• The task:
Would you print, word for word, only the lines running from the line with "2021 Jeep Grand Cherokee Laredo" to the last line of the entries, without the pictures?

Segment Start: Supplied records

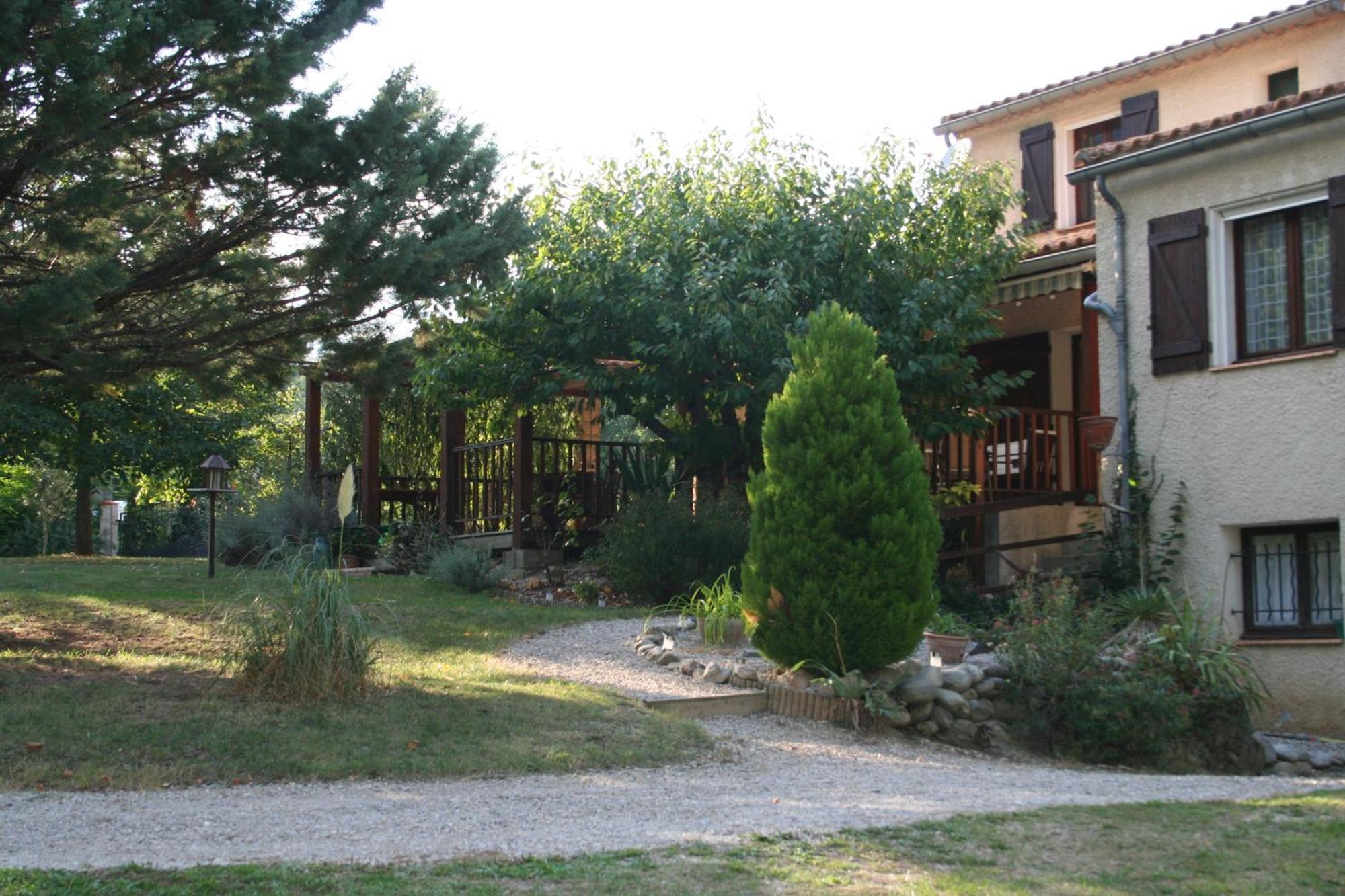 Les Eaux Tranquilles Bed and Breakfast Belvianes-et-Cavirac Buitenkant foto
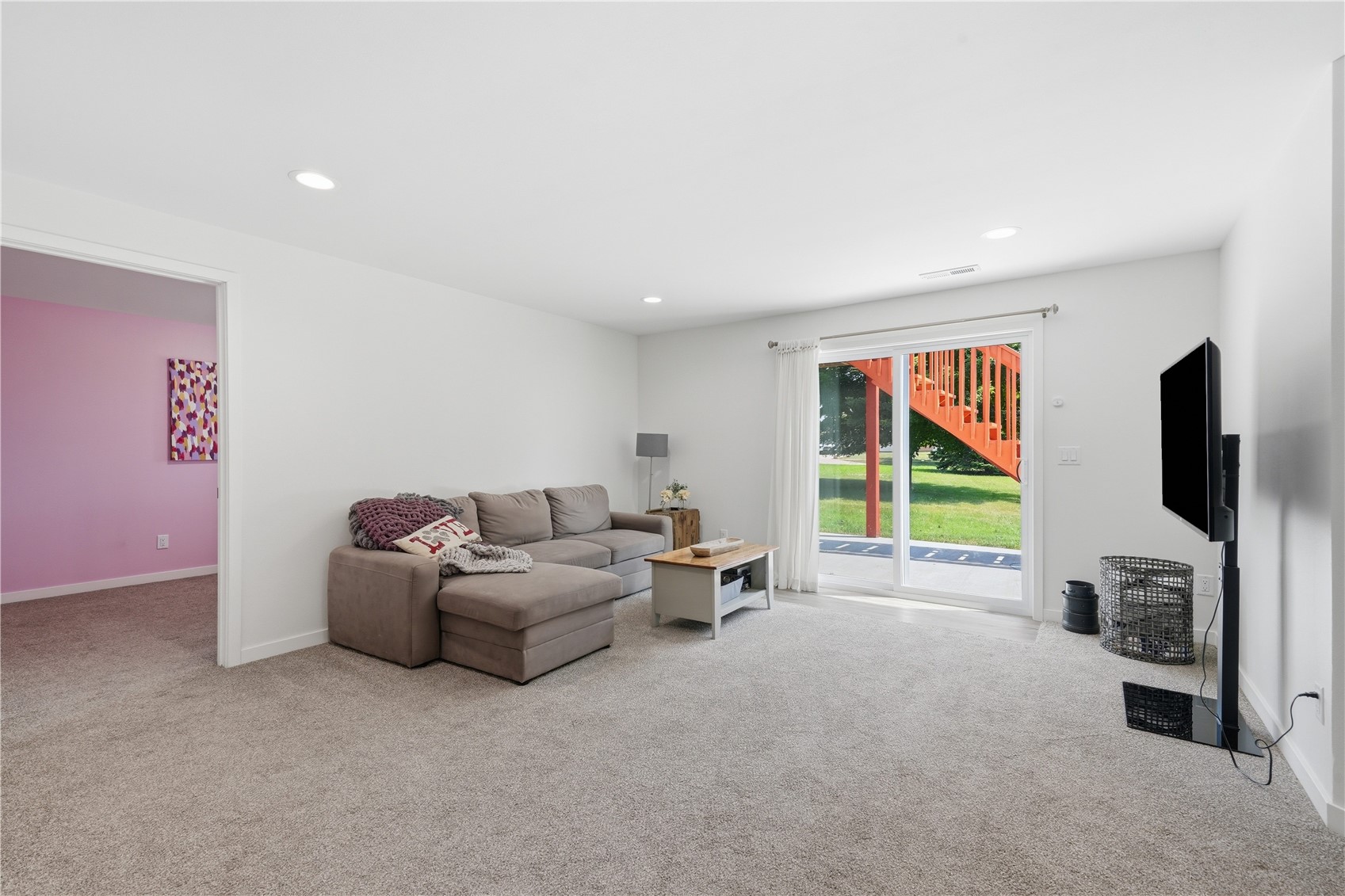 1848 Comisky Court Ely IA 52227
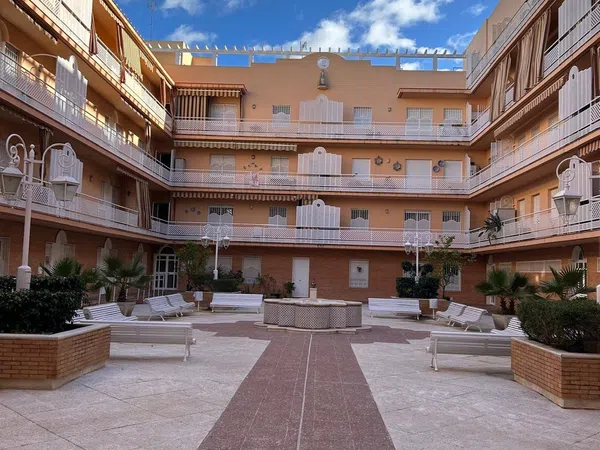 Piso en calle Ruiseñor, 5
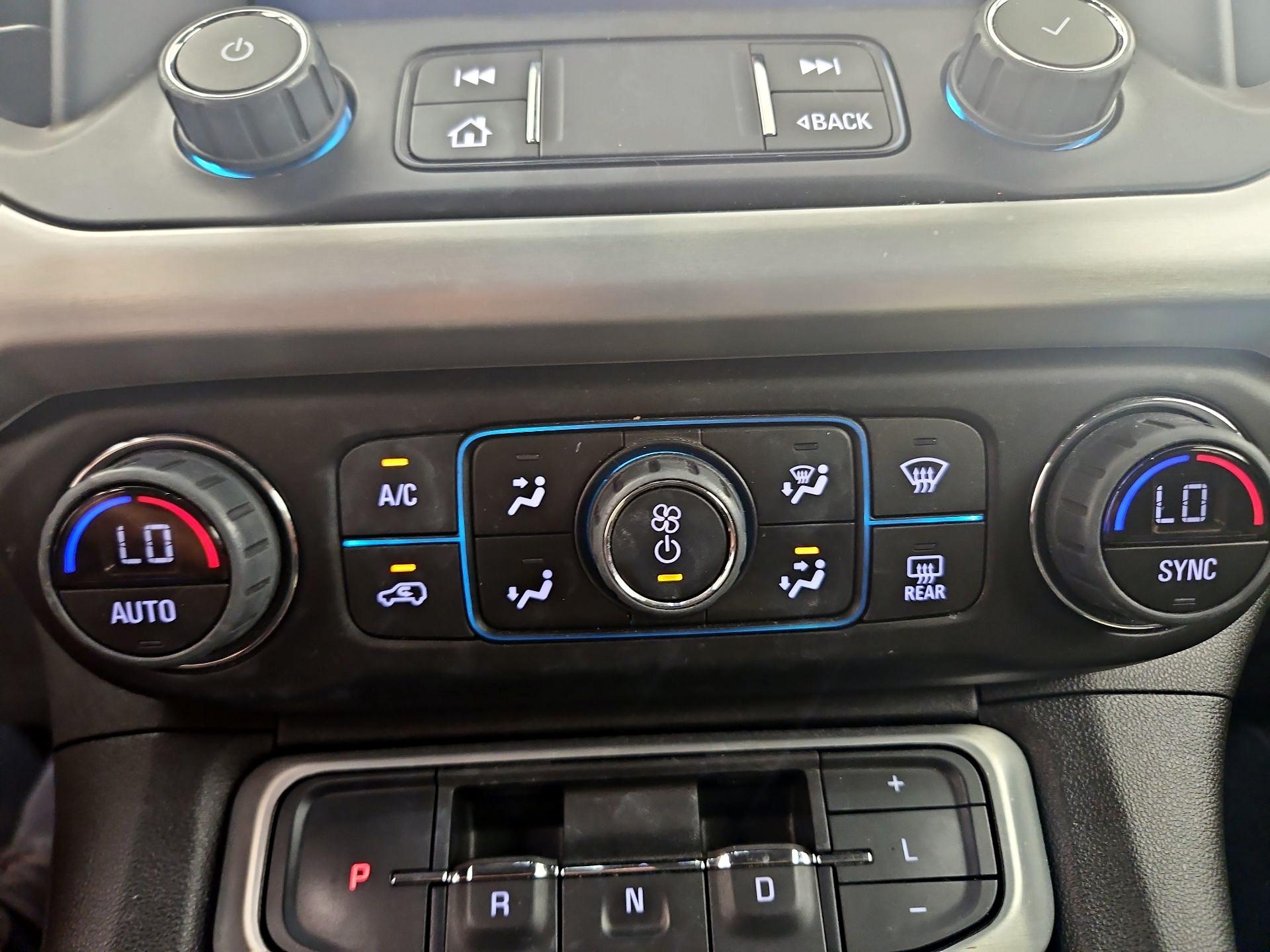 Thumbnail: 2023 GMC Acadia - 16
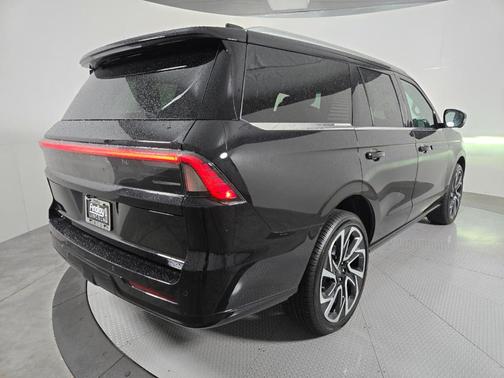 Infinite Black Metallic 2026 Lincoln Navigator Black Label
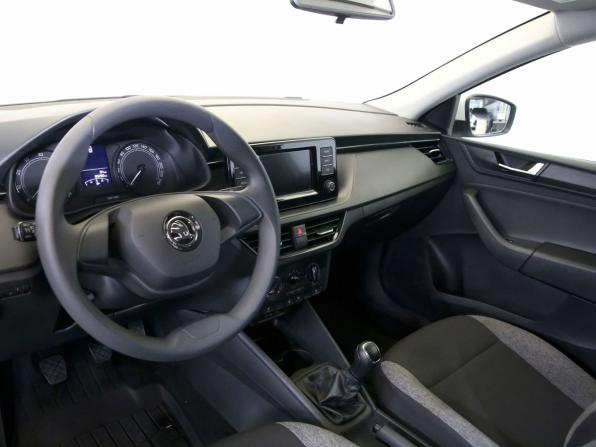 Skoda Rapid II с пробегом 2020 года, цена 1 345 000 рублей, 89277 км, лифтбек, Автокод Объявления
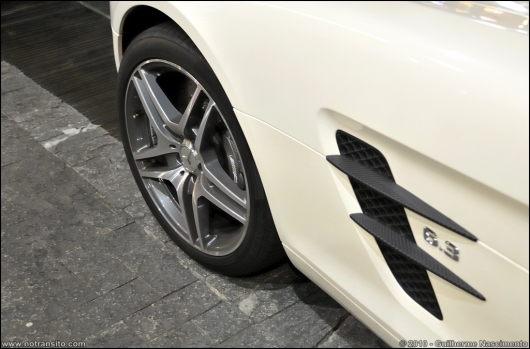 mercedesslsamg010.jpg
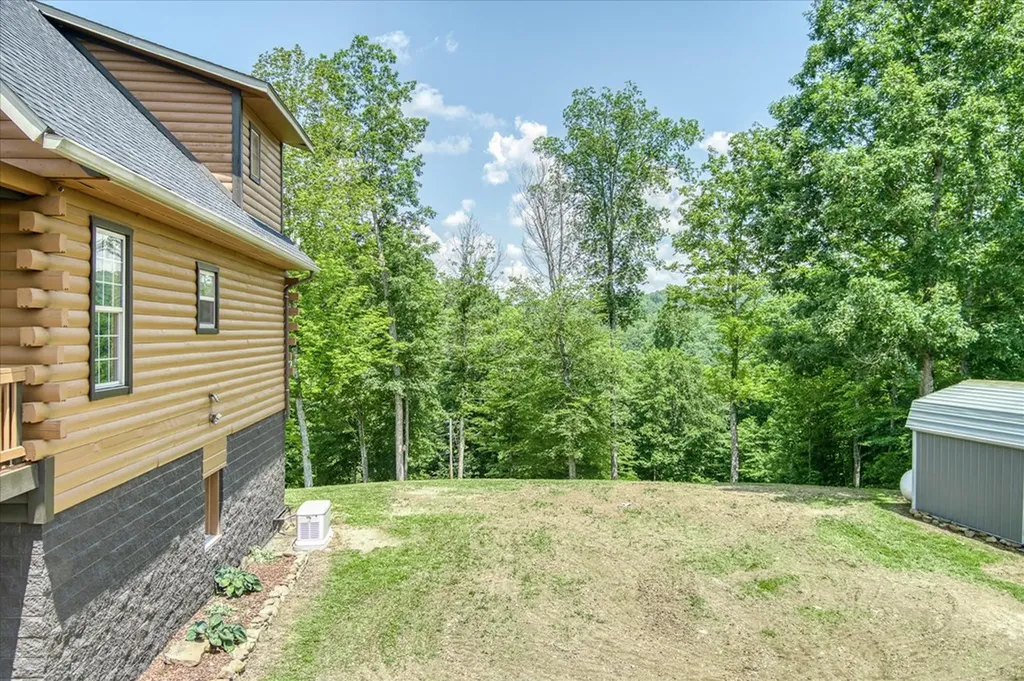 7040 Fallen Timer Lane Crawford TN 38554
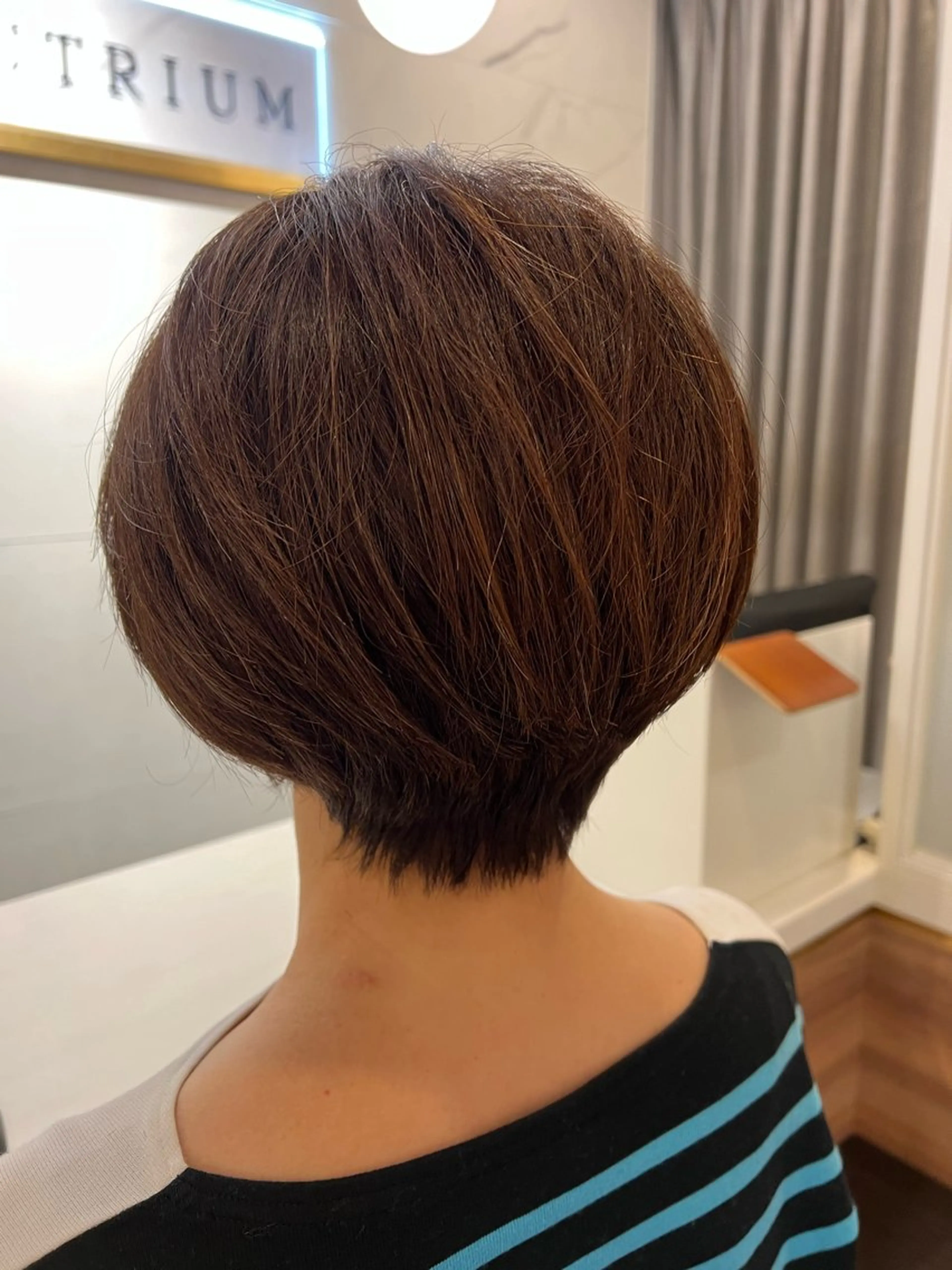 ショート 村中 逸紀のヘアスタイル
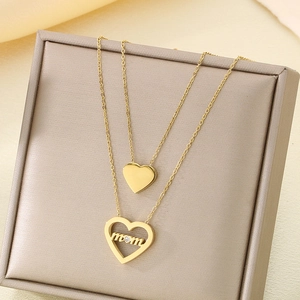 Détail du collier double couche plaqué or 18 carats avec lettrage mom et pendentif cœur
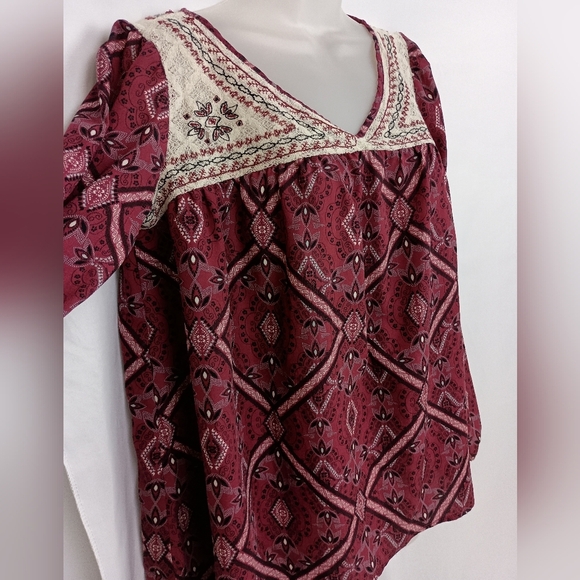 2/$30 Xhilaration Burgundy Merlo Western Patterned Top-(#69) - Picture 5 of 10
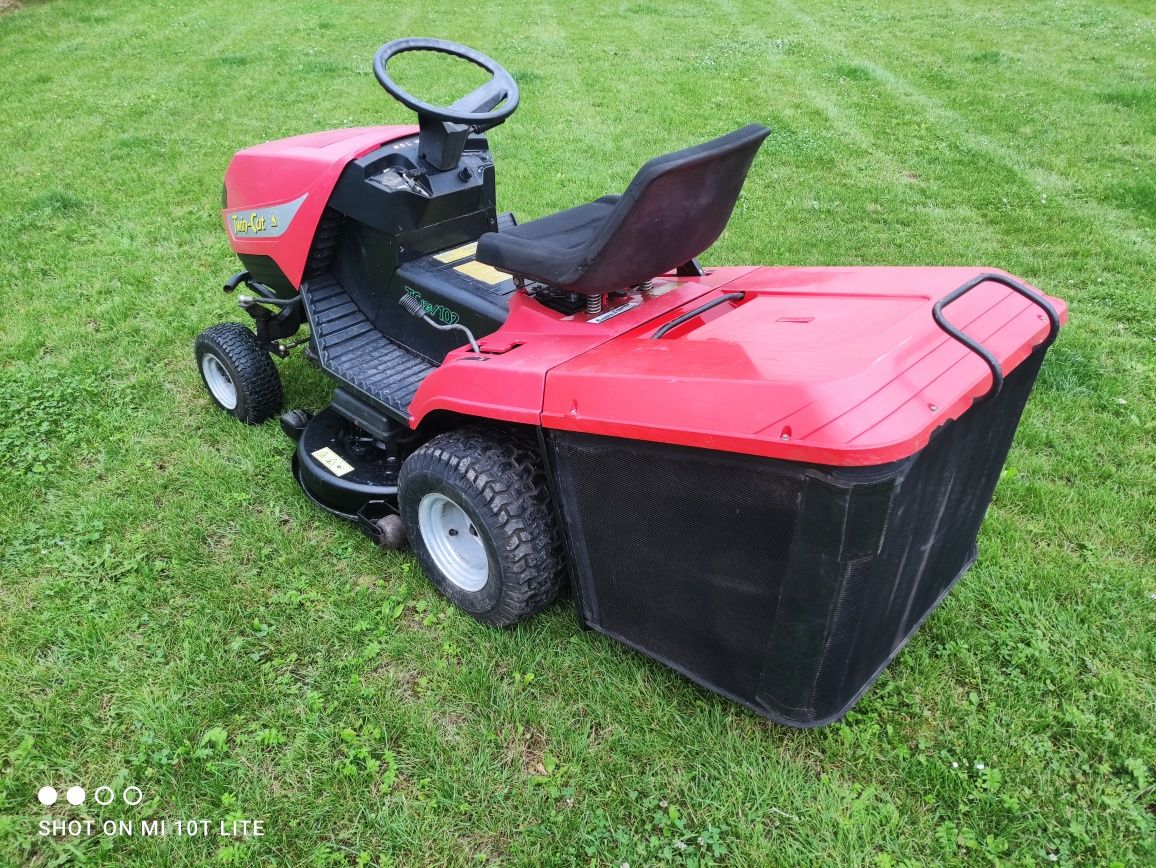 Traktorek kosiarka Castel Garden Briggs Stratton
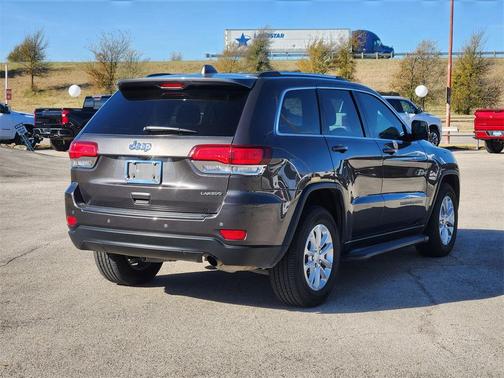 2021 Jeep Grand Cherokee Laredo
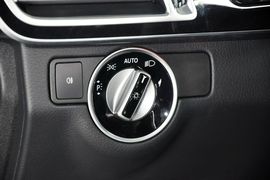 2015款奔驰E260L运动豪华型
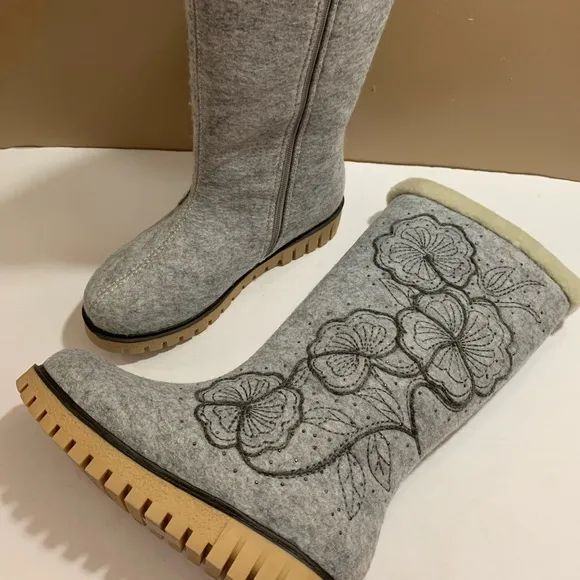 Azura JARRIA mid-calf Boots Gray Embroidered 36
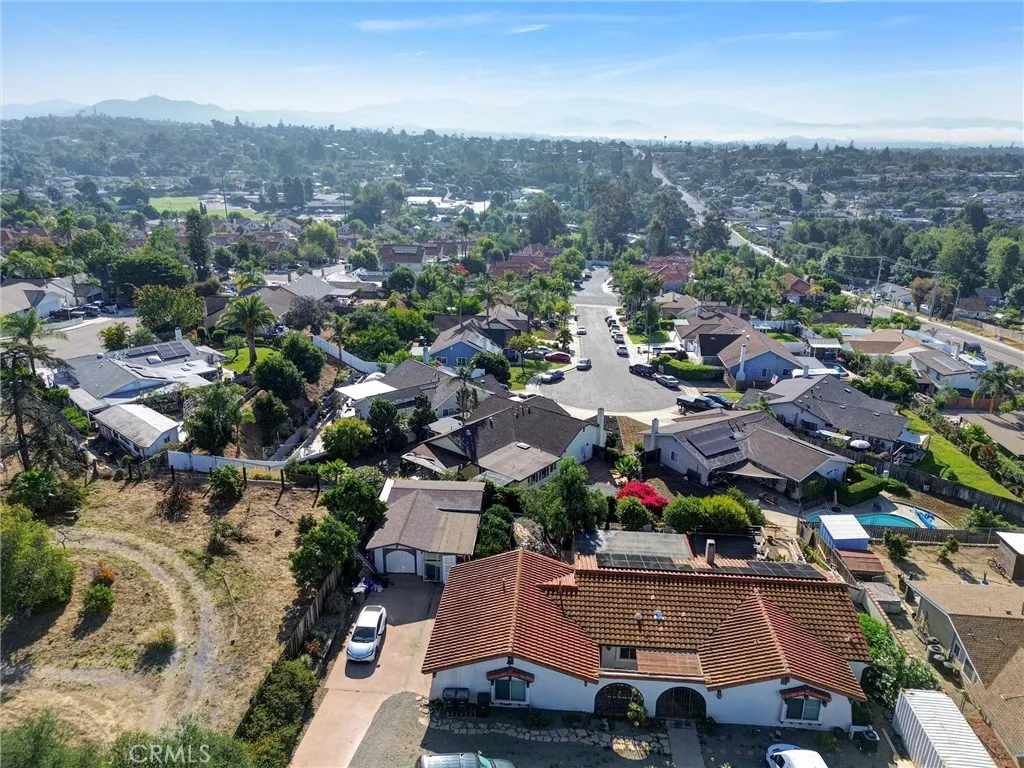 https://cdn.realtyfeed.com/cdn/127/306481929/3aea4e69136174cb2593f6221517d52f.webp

Segment End: Supplied records

• Task solution:
 2021 Jeep Grand Cherokee Laredo
 2015款奔驰E260L运动豪华型
 Azura JARRIA mid-calf Boots Gray Embroidered 36
 https://cdn.realtyfeed.com/cdn/127/306481929/3aea4e69136174cb2593f6221517d52f.webp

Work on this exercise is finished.